## Dataset section
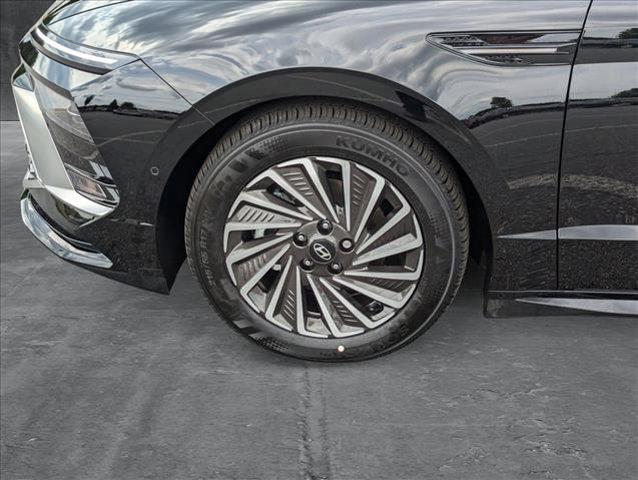 used 2024 Hyundai Sonata Hybrid car, priced at $33,449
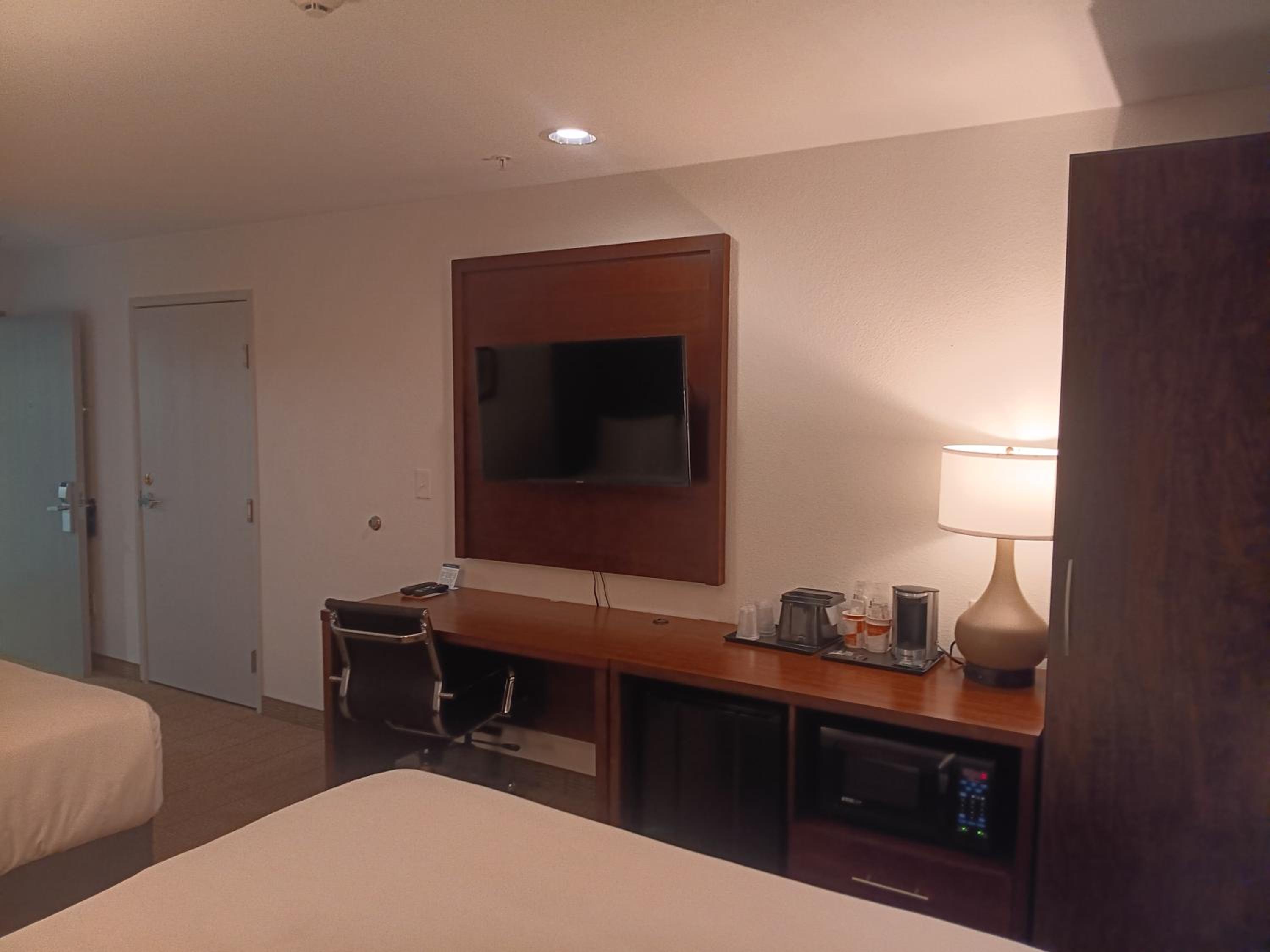 Queen Room With Two Queen Beds - Accessible/Non-Smoking 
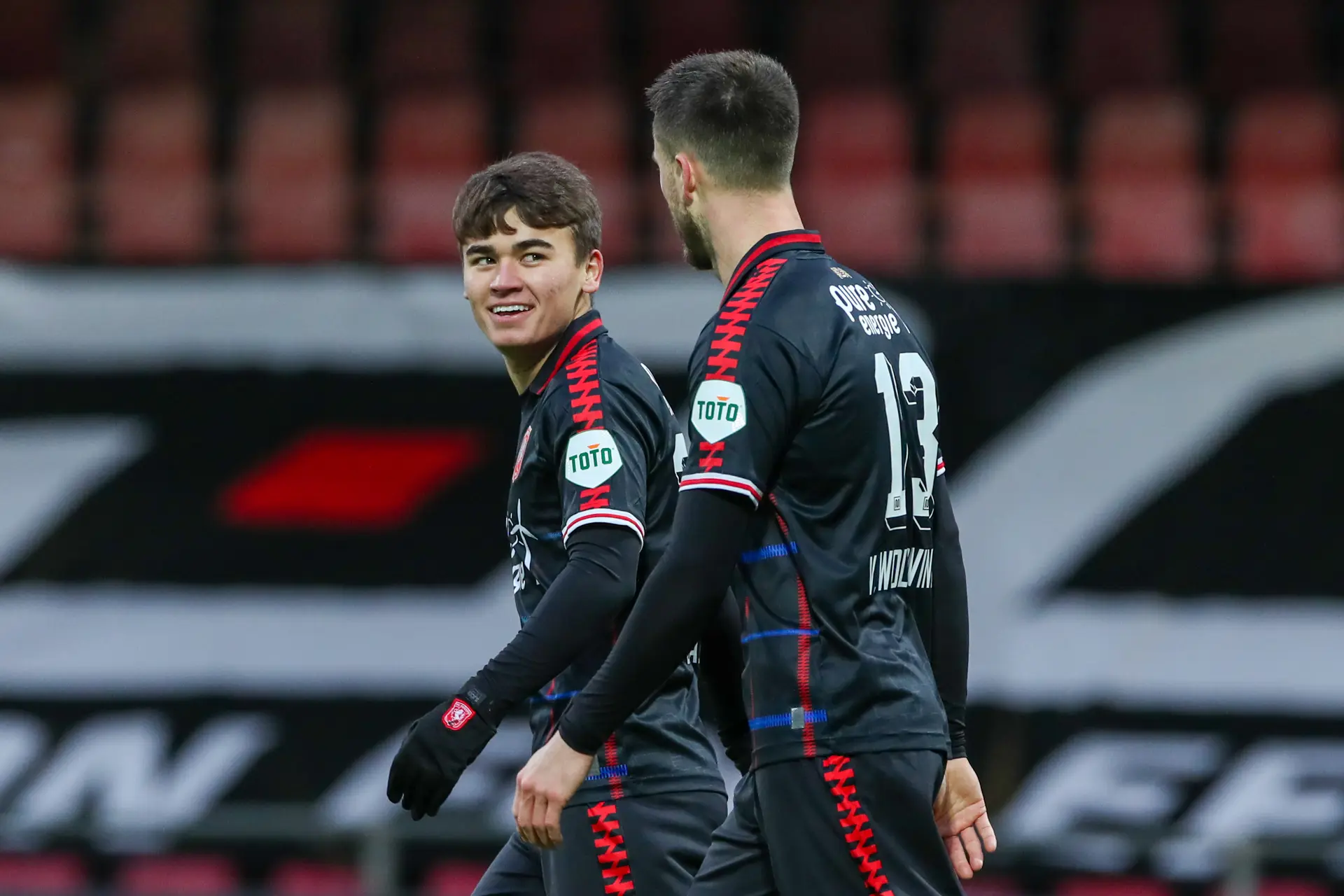 manfred ugalde ricky van wolfswinkel go ahead eagles fc twente 2021 2022 eredivisie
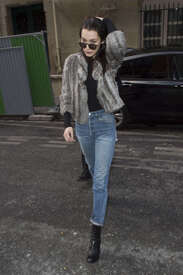 Bella-Hadid-in-jeans--12.jpg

## Your instructions
Repeat the material above in full and unchanged, minus its images.

## Exercise answer
 used 2024 Hyundai Sonata Hybrid car, priced at $33,449
 Queen Room With Two Queen Beds - Accessible/Non-Smoking 
 manfred ugalde ricky van wolfswinkel go ahead eagles fc twente 2021 2022 eredivisie
 Bella-Hadid-in-jeans--12.jpg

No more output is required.